Что бы сказал Десмонд, увидев, что она так скрупулезно изучает эту статью? Что-нибудь высокопарное вроде того, что она и так настоящая красавица? Или он всего лишь произнес бы «чудненько» своим странным, равнодушным тоном, как он частенько говорил, думая при этом о чем-то своем? Или он бы сел и сказал, что не стоит поднимать суету и начинать все эти приготовления. Десмонд часто говорит ей: «Не стоит поднимать суеты». Она терпеть этого не могла, вовсе она не поднимает суеты, просто следит за тем, чтобы все делалось как положено. Если бы все эти годы никто не тормошил, не подстегивал тяжелого на подъем Десмонда, интересно, что бы с ними сейчас было?
Нет, она не станет делиться с мужем своим тайным замыслом стать настоящей красавицей.
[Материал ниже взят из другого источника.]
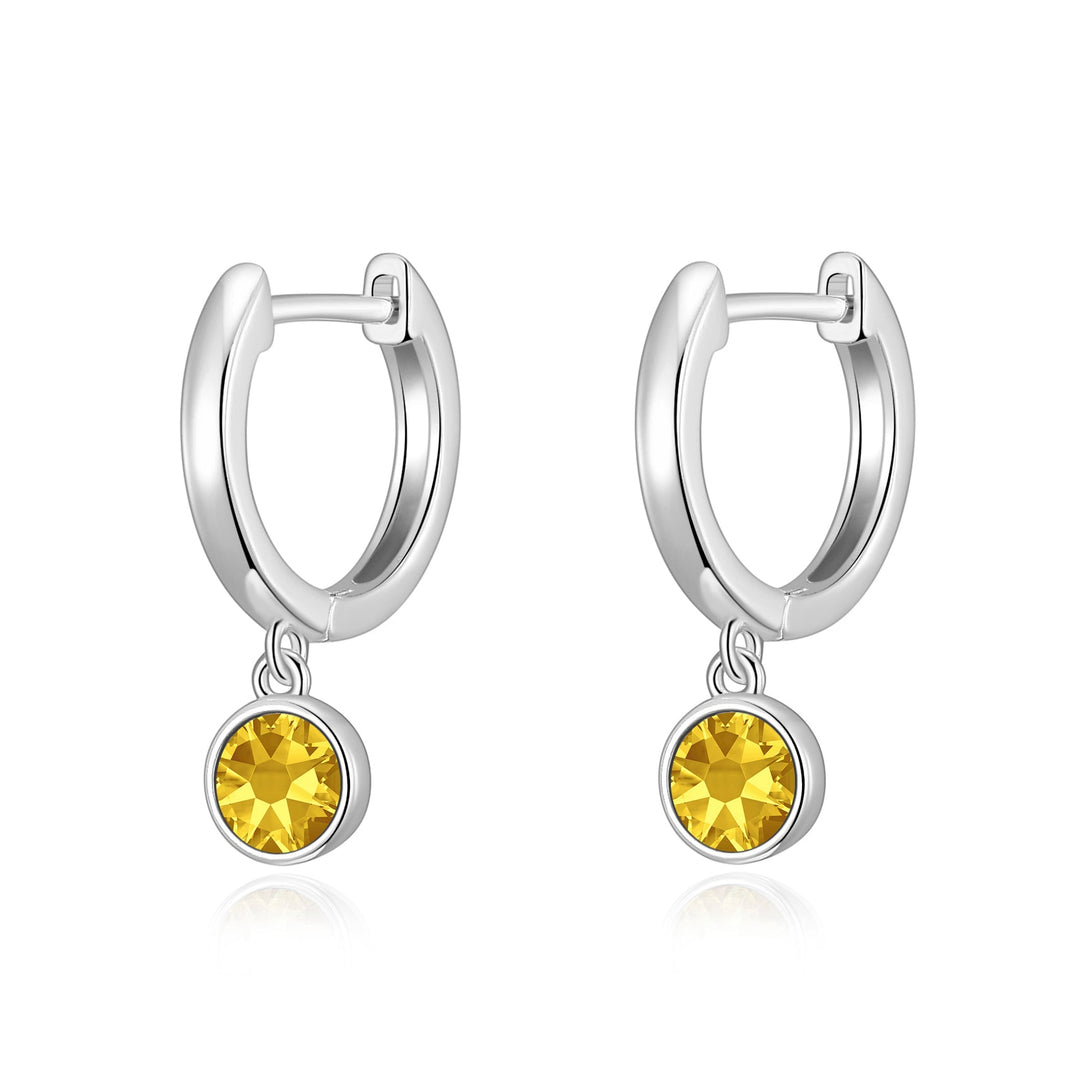 Yellow Crystal Hoop Earrings Created with Zircondia® Crystals - Philip Jones Jewellery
Давно-давно, в то странное лето, когда все началось, Десмонд лежал на узкой кровати и любовался ею, пока она расчесывала свои длинные светлые кудри, и говорил, что всегда считал эти слова из песни — «персик и сливки» — сентиментальной чепухой, пока не увидел прелестное лицо Дейрдры. Вот он тянется к ней и говорит: давай помогу, надо взбить еще этих чудесных холодных сливок, можно немножко здесь, на шее… и на плечах. И… С трудом верилось, что Десмонд был таким. Но в журнале говорится, что всю эту свежесть можно вернуть, главное — правильный уход за кожей.